Looneybomber wrote:Put a small diesel in this truck (3.0L I6?) and you could get pretty decent MPG numbers. I guess their 3.7L ecoboost could work, but I'd rather see a torquey little diesel.
Generally expected engine choices include a 2.3 liter Ecoboost option, the N/A 3.7 V6, the Ecoboost 3.5 V6, and the 5.0 Coyote V8. As soon as Ecoboost starts offering real-world fuel economy that's not vastly worse than a V8, I'll get excited about the broadened options. Until then, my Ecoboost hate burns just as passionately as ever. That goes for Mustang, too. I particularly find Ford's pricing structure for boosted powerplants baffling. I don't give a s*** WHICH MPG-obsessed universe you live in. A 300hp 4 is NOT an upgrade over a 350hp V6. It should not be an added-cost option.
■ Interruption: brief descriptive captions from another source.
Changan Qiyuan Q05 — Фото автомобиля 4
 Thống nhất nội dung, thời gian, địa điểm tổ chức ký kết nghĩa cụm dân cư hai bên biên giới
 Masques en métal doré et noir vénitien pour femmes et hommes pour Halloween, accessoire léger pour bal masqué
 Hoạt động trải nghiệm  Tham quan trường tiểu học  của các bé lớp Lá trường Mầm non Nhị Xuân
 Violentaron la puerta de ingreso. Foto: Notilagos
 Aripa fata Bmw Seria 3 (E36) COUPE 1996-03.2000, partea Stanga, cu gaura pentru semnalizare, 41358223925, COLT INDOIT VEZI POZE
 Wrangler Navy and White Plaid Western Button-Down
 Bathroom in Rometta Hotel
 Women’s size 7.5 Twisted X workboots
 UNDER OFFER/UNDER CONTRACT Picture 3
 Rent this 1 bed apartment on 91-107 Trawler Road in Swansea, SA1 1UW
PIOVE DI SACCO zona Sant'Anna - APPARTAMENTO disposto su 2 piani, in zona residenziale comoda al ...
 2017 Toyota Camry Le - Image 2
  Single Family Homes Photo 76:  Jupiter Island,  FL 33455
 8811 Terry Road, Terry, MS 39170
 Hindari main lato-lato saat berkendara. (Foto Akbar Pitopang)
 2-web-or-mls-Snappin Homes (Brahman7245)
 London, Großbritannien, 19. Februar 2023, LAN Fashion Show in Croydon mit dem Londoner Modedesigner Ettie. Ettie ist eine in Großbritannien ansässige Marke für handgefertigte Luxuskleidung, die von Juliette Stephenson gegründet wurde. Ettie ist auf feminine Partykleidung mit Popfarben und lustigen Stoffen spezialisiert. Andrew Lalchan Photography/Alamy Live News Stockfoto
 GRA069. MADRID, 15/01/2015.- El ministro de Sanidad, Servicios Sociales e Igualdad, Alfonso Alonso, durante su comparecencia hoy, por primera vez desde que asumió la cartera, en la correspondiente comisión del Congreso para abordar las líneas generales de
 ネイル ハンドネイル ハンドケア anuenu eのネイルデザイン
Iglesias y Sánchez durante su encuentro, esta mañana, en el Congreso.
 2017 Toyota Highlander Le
I've always been a pretty passionate VW-hater (to be clear, I view water-cooled VW and air-cooled VW as different companies, and they might as well be as far as product strategy goes). The golf is particularly high on my spite-list. The stereotypical douchebag owner doesn't help the matter, but the car itself is still baffling to me. However, I can't deny that early models had a certain charisma. Newer ones lack that entirely. I could not possibly be any less excited about the Golf R. I think I'd rather read a Corolla review, to be honest. At least the Corolla isn't trying to convince us it's still the hottest hatch on the block. (Golf, meet Ford. And Mazda. They're the new kids in town. They stole your clubhouse and invited your girlfriend up there for some quality time.)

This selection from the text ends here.